Es gibt ein sehr probates Mittel,

die Zeit zu halten am Schlawittel:

Man nimmt die Taschenuhr zur Hand

und folgt dem Zeiger unverwandt.

 

Sie geht so langsam dann, so brav

als wie ein wohlgezogen Schaf,

setzt Fuss vor Fuss so voll Manier

als wie ein Fräulein von Saint-Cyr.

 

Jedoch verträumst du dich ein Weilchen,

so rückt das züchtigliche Veilchen

mit Beinen wie der Vogel Strauss

und heimlich wie ein Puma aus.

 

Und wieder siehst du auf sie nieder;

ha, Elende! – Doch was ist das?

Unschuldig lächelnd macht sie wieder

die zierlichsten Sekunden-Pas.

 

 

Das Mondschaf

Das Mondschaf steht auf weiter Flur.

Es harrt und harrt der grossen Schur.

Das Mondschaf.

 

Das Mondschaf rupft sich einen Halm

und geht dann heim auf seine Alm.

Das Mondschaf.

 

Das Mondschaft spricht zu sich im Traum:

‚Ich bin des Weltalls dunkler Raum.‘

Das Mondschaf.

 

Das Mondschaf liegt am Morgen tot.

Sein Leib ist weiss, die Sonn‘ ist rot.

Das Mondschaf.

 

 

Geiss und Schleiche

Die Schleiche singt ihr Nachtgebet,

die Waldgeiss staunend vor ihr steht.

 

Die Waldgeiss schüttelt ihren Bart,

wie ein Magister hochgelahrt.

 

Sie weiss nicht, was die Schleiche singt

sie hört nur, dass es lieblich klingt.

 

Die Schleiche fällt in Schlaf alsbald.

Die Geiss geht sinnend durch den Wald.

 

 

                   Die Trichter

Zwei Trichter wandeln durch die Nacht.

Durch ihres Rumpfs verengten Schacht

             fliesst weisses Mondlicht

                  still und heiter

                      auf ihren

                      Waldweg

                            u.s.

                             w.

 

 

Eine illustre Biografie

Mitunter verfällt man der Illusion, dass Namen von gestern auch gestrig seien. Im Gegenteil, soviel pralles Leben sucht seinesgleichen.

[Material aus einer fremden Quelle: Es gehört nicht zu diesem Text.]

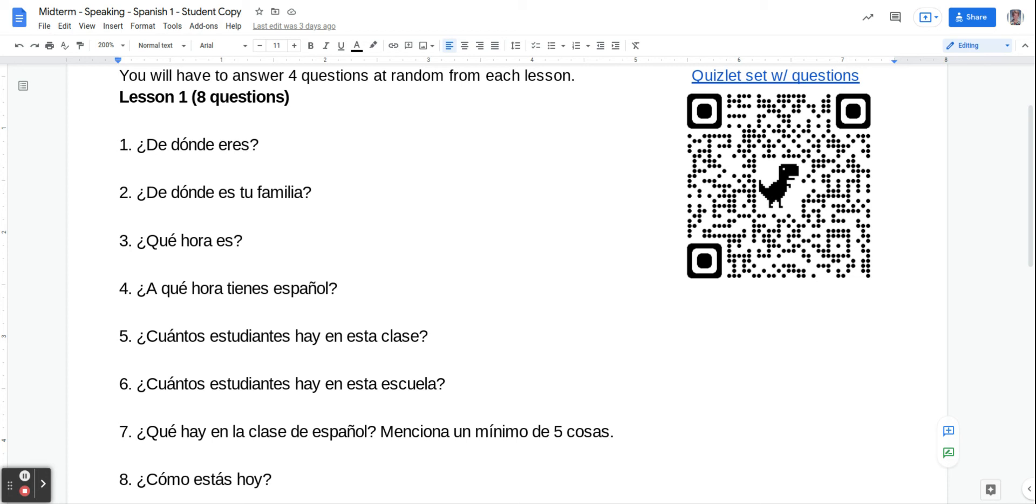Number one, ¿De dónde eres? Where are you from? You would say, soy de, and then the place.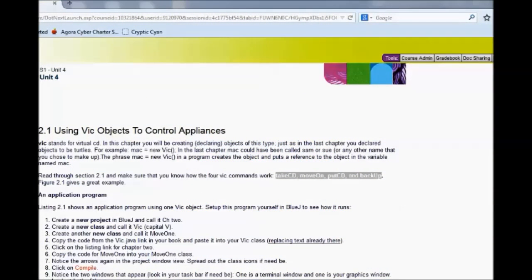Welcome back to AP Computer Science. We're going to be doing Assignment 4.00, which is basically the first assignment in Chapter 2. We're looking at using VIC objects to control appliances. What we cover in this particular chapter are conditionals, and we're going to do IF statements. We're no longer using the TURTLE objects — we're using a VIC object. This is supplemental to the text.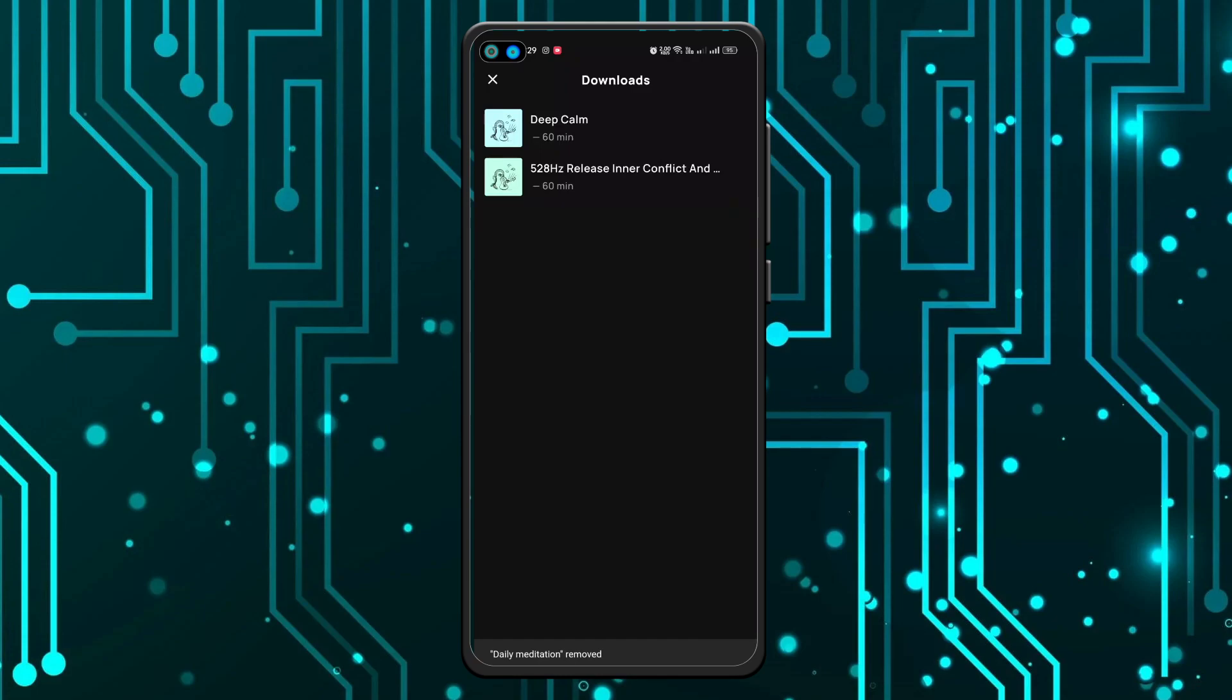are done, you can see all those are deleted and these two cannot be deleted. That's it for today's video. I hope you found this video informative. If yes, please like, share, and subscribe. And thanks for watching.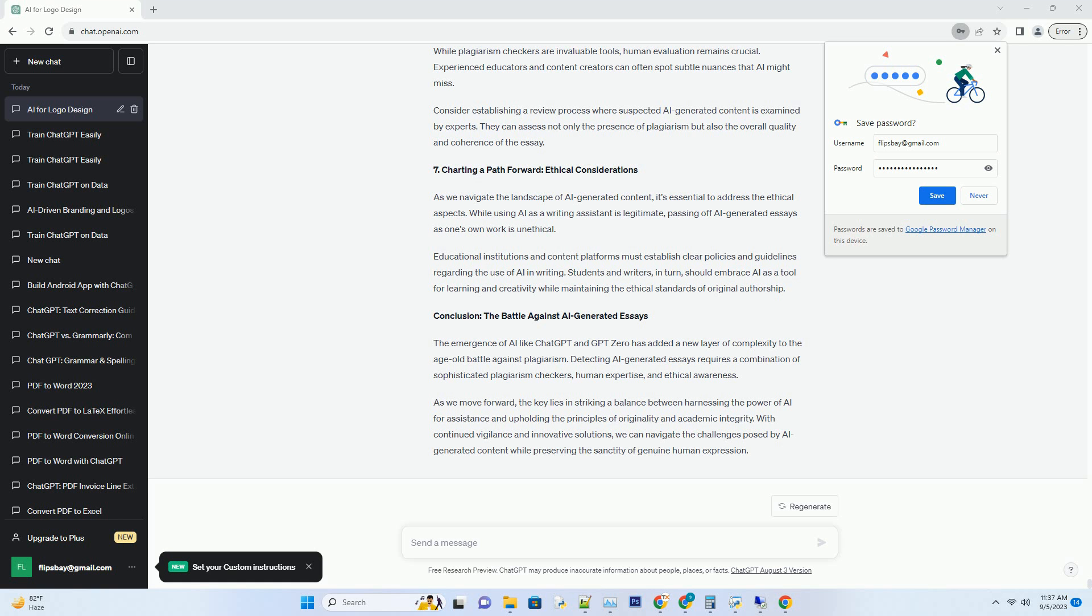Educational institutions and content platforms must establish clear policies and guidelines regarding the use of AI in writing. Students and writers, in turn, should embrace AI as a tool for learning and creativity while maintaining the ethical standards of original authorship.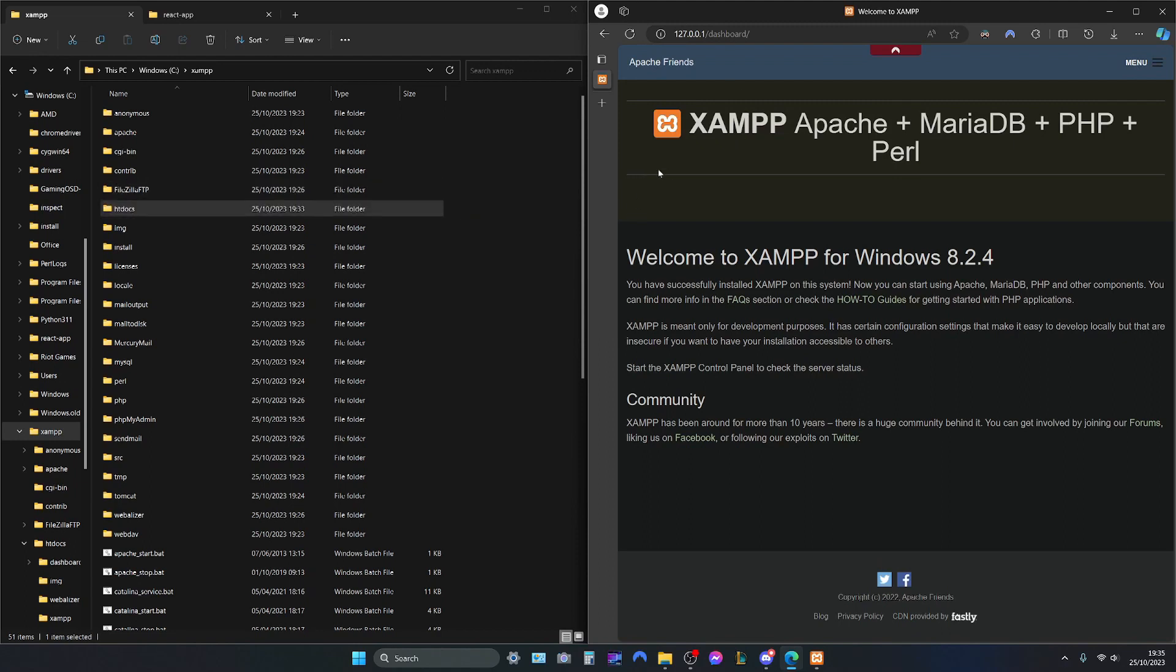As we can see, the dashboard is presented. This is XAMPP's default appearance. We don't want this. We want our website.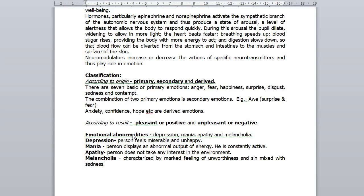According to result, emotions are pleasant or positive, and unpleasant or negative. Love, joy, happiness, etc. are positive emotions — they are helpful and essential to normal development. But fear, jealousy, anger, etc. are negative emotions as they are harmful to the individual.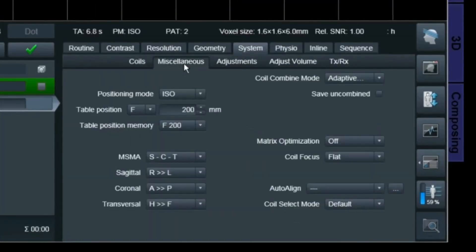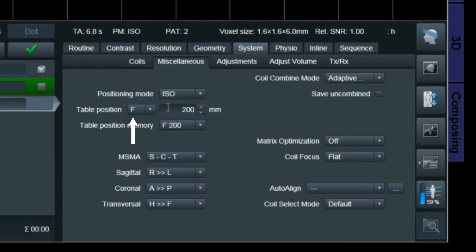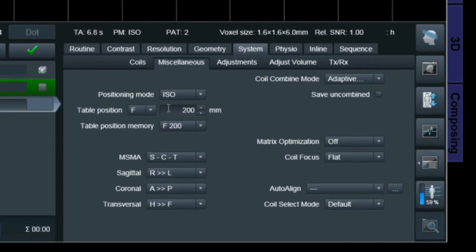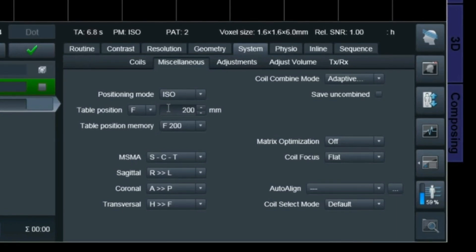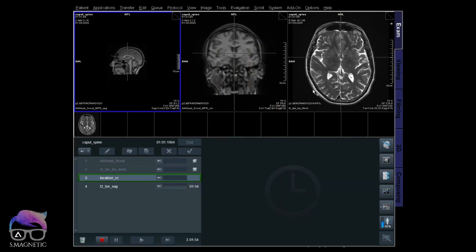If you want to combine the head and the spine, you can save the localizer for the spine with an offset of around 200mm toward feet direction. That means whenever you position the isocenter at the head and pull over this localizer, it will move downwards towards your feet 200 millimeters automatically. You don't have to manually move and position it every time.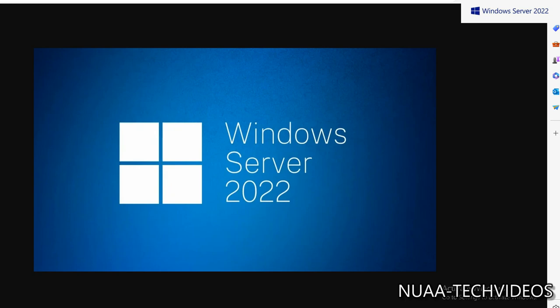Hello friends, hope you are doing well and welcome back to my channel NUAA Tech Videos. This is the series of Windows Server 2022, and in today's discussion we will discuss how we can migrate the DHCP role from one server to another server. So without any further delay, let's get started.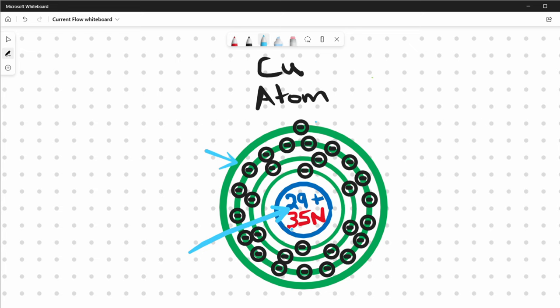Now if we look at how we determine the number of neutrons, we can take the atomic mass of the copper atom — which in this case is 64 — and subtract from that the number of protons, and we end up with the number of neutrons within the nucleus. Now this particular electron that exists in the outer shell is called a valence electron, and this is called the valence shell.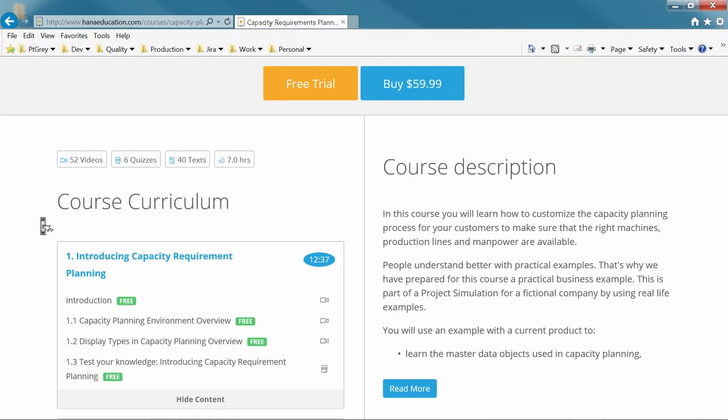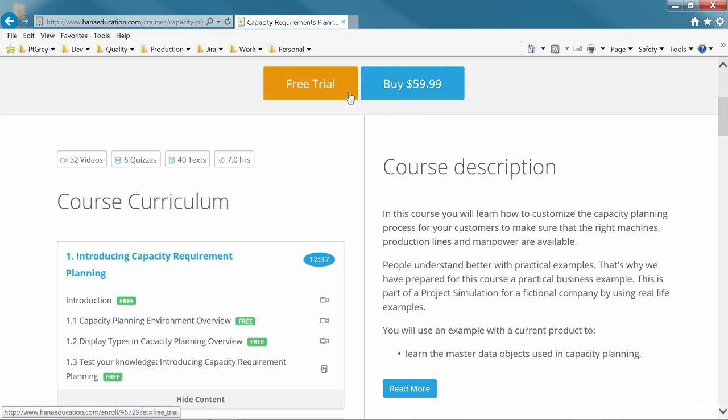Learn more about the course topics by checking the course curriculum, enroll in the course to start learning or check our free trial.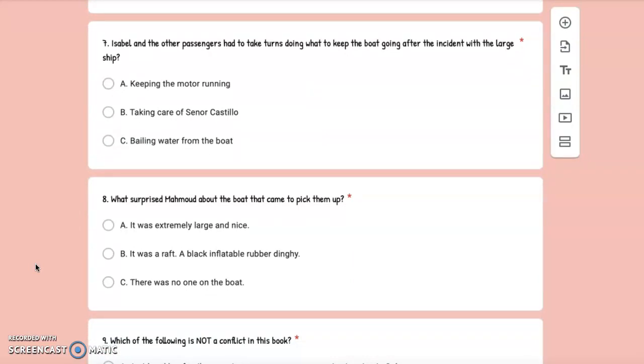Number 7: Isabel and the other passengers had to take turns doing what to keep the boat going after the incident with the large ship? A. Keeping the motor running, B. Taking care of Senor Castillo, or C. Bailing water from the boat.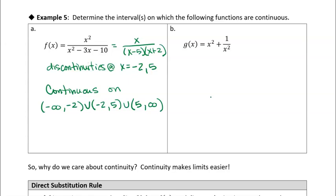In the online homework, they ask you to write the intervals with commas in between rather than union notation, so read carefully when you do the online homework.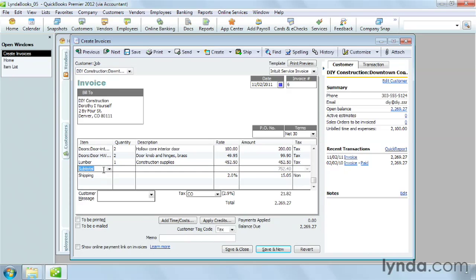The subtotal item here adds up all the amounts from the preceding lines in an invoice up to the previous subtotal or the beginning of the invoice. You can subtotal costs like the services or the products. That way, you can apply a discount or a shipping charge to several items.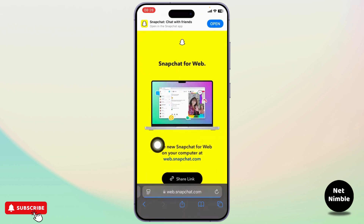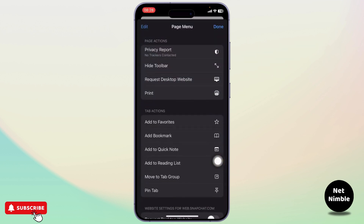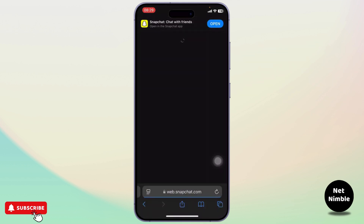After the link opens up, tap on this icon right here — tap on it and then tap on the three dots. Now at the top under page actions you will see 'Request Desktop App' — tap on that.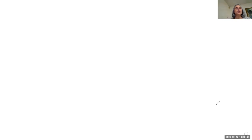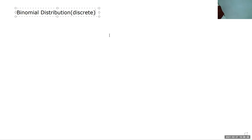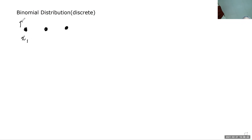The binomial distribution is a discrete distribution. That means that it has a valid probability mass function. The outcomes in this distribution look like little masses of probability. So the first outcome is x1, it has a probability p of x1. The next outcome x2 would have a probability p of x2. And the last outcome x3 would have a probability p of x3.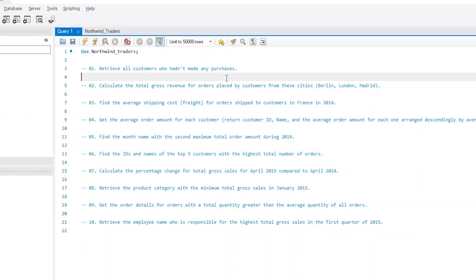By the way, there is no single solution for all the questions. I will solve them my way, but if you think you have a better solution, please put it in a comment below. Back to our question, we can solve it by getting all the distinct customer IDs from the orders table, which will return all IDs for customers who had placed at least one order. Then I will use the result as a subquery to filter for those whose IDs are not included in this subquery result.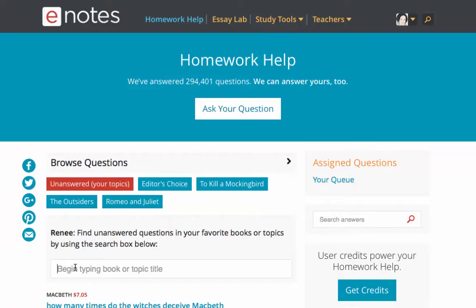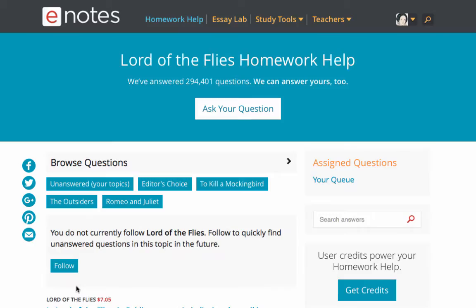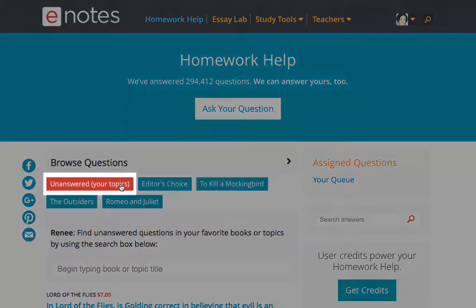To add books to your filter, begin by typing the book or topic title. Then, click on the follow button. You can add as many books as you like. The next time you visit homework help and click your topics filter, all the open questions on those books will be included.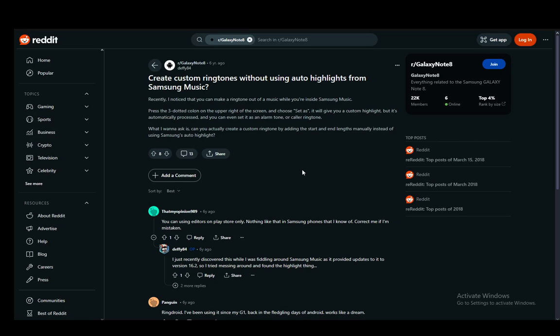What is going on? I hope you guys are all doing well and welcome to another tutorial video. In this video, I'll be explaining how you can change the automatic highlights which Samsung Music creates for you when selecting your ringtone. So let's get right into it.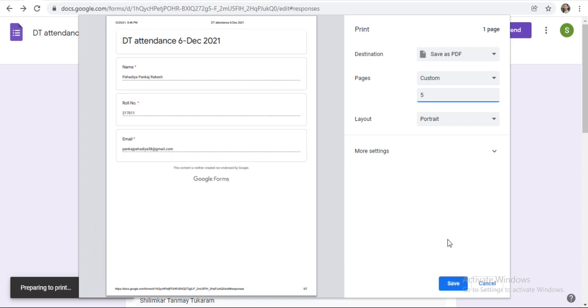Just click on save, or if the printer is connected with your computer, just click on print to print it. You can also select the layout. Just click on save.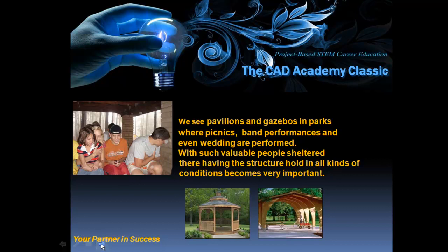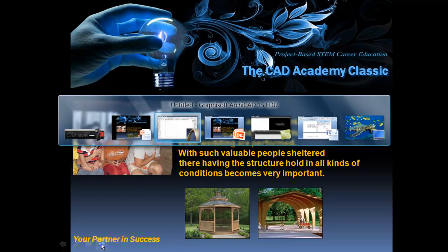But we see pavilions and gazebos in parks where picnics, band performances and even weddings are performed. With such valuable people sheltered under these pavilions we need to make sure that we design a pavilion that will be safe. And that is the purpose of this project.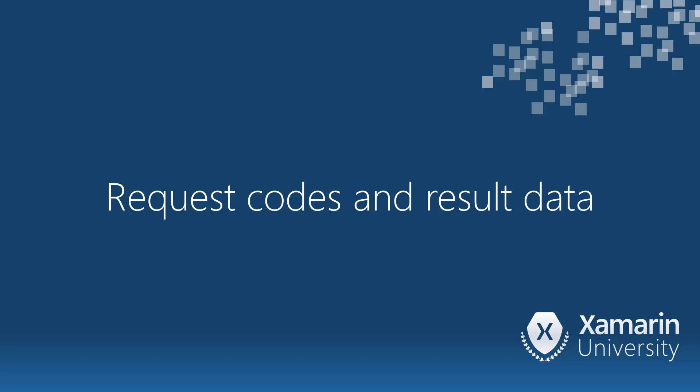In this section, we'll focus on what a request code is and how to pass a request code. We'll also cover how to set up and retrieve results.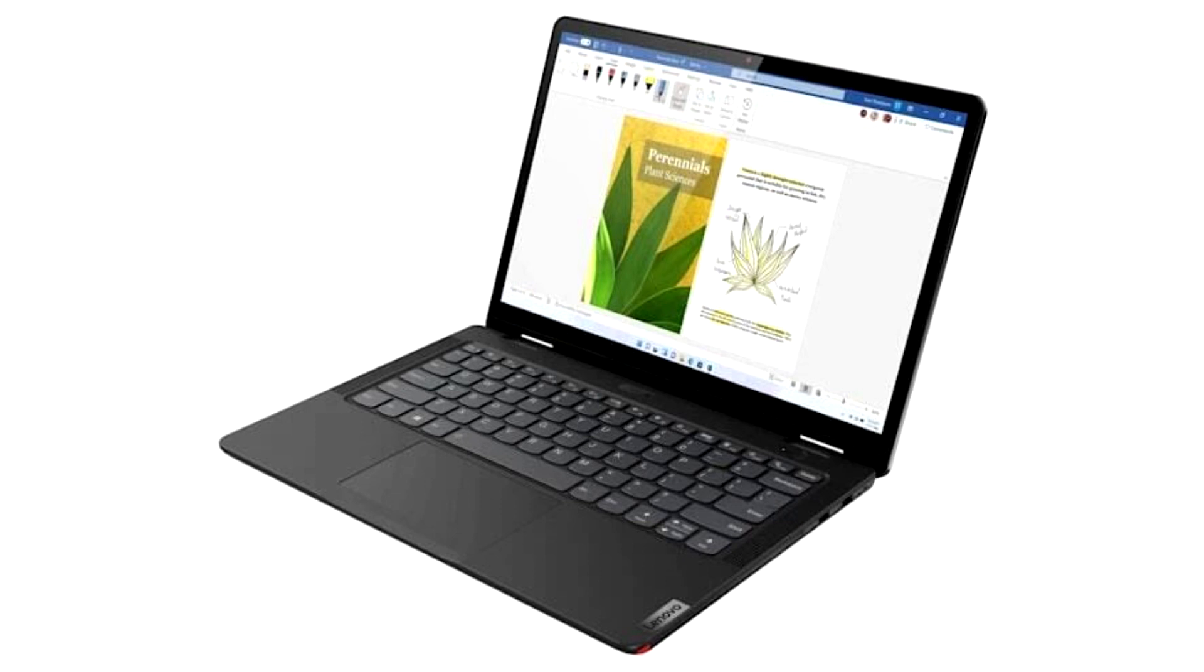...there are two USB-C 3.2 ports, one USB-A 3.2, an SD card reader and HDMI 2.0, Wi-Fi 6 and 4G LTE. The 13W Yoga is priced at a minimum of $749.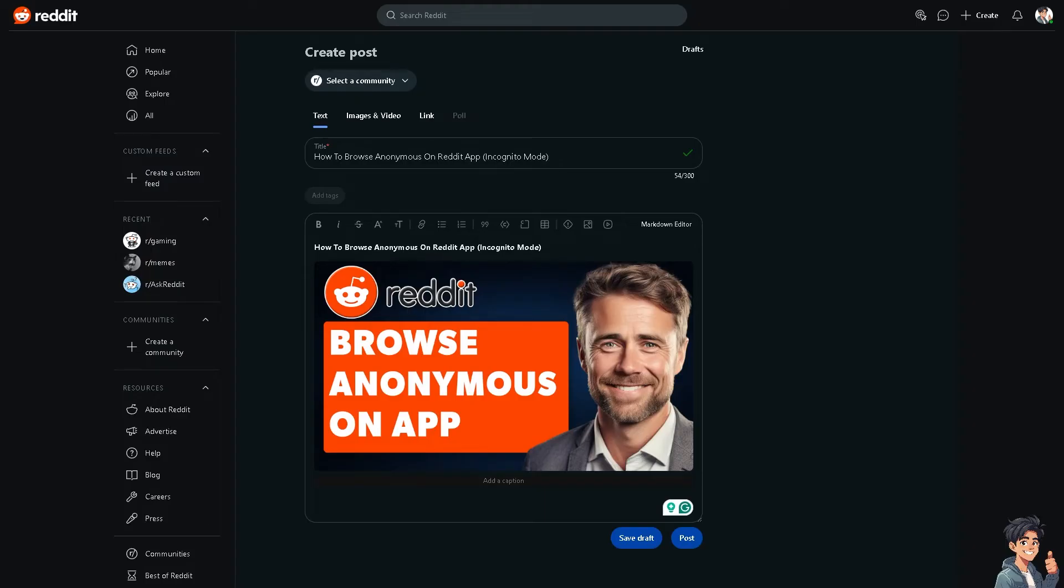Browsing anonymously on the Reddit app is an easy and straightforward process. But let me tell you that by browsing in incognito mode, your browsing history, cookies, and site data are not saved locally on your device.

Folgen wir hier den Spuren Christian Morgensterns, 1871 in München geboren.  Sowohl der Vater Carl Ernst Morgenstern, als auch der Vater seiner Mutter Charlotte Morgenstern, waren Landschaftsmaler. 1881 starb seine Mutter an Tuberkulose, der zehnjährige Sohn hatte sich bei ihr angesteckt und zeitlebens würde ihn diese Krankheit verfolgen. Nach ihrem Tod wurde er seinem Paten Arnold Otto Meyer, einem Kunsthändler in Hamburg, anvertraut, ohne in der frühen Kindheit regelmässig am Schulunterricht teilzunehmen. Ein Jahr später kam er nach München in ein Internat. Der Vater heiratete erneut und wurde 1883 an die Königliche Kunstschule in Breslau berufen, wohin Christian mit ihm ging und das Maria-Magdalenen-Gymnasium besuchte.

 

 

Im frühen Alter von sechzehn Jahren begann er zu schreiben und beschäftigte sich mit Arthur Schopenhauer. Mit achtzehn lernte er auf dem Gymnasium Friedrich Kassler und Fritz Beblo kennen, mit denen ihn eine lebenslange Freundschaft verband. Ab Herbst 1889 besuchte Morgenstern eine Militär-Vorbildungsschule, da der gestrenge Vater eine Offizierslaufbahn für ihn vorgesehen hatte. Nach nur einem halben Jahr verliess er die Militärschule und besuchte ein Gymnasium in Sorau, wo die Freundschaft mit Marie Goettling begann, die später in die USA auswanderte, mit der er stets in Kontakt blieb, auch während seines Studiums der Nationalökonomie in Breslau. Hier gehörten Felix Dahn und Werner Sombart zu den bedeutendsten Dozenten. Mit Freunden gründete Morgenstern die Zeitschrift «Deutscher Geist» unter dem Motto: «Der kommt oft am weitesten, der nicht weiss, wohin er geht», einem Oliver Cromwell zugesprochenen Zitat. 1893 mit 22 Jahren entschied sich Morgenstern, nach dem Abbruch des Studiums, als Schriftsteller zu leben. Nach der dritten Heirat seines Vaters war das Verhältnis zu ihm gespannt.

 

 

Nietzsche, Strindberg, Ibsen, Hamsun

Im April 1894 zog Morgenstern nach Berlin, wo er eine Stellung an der Nationalgalerie fand. Er beschäftigte sich mit Friedrich Nietzsche und Paul de Lagarde und war für die Zeitschriften «Tägliche Rundschau» und «Freie Bühne» tätig, ausserdem schrieb er Beiträge für die Zeitschriften «Der Kunstwart» und «Der Zuschauer».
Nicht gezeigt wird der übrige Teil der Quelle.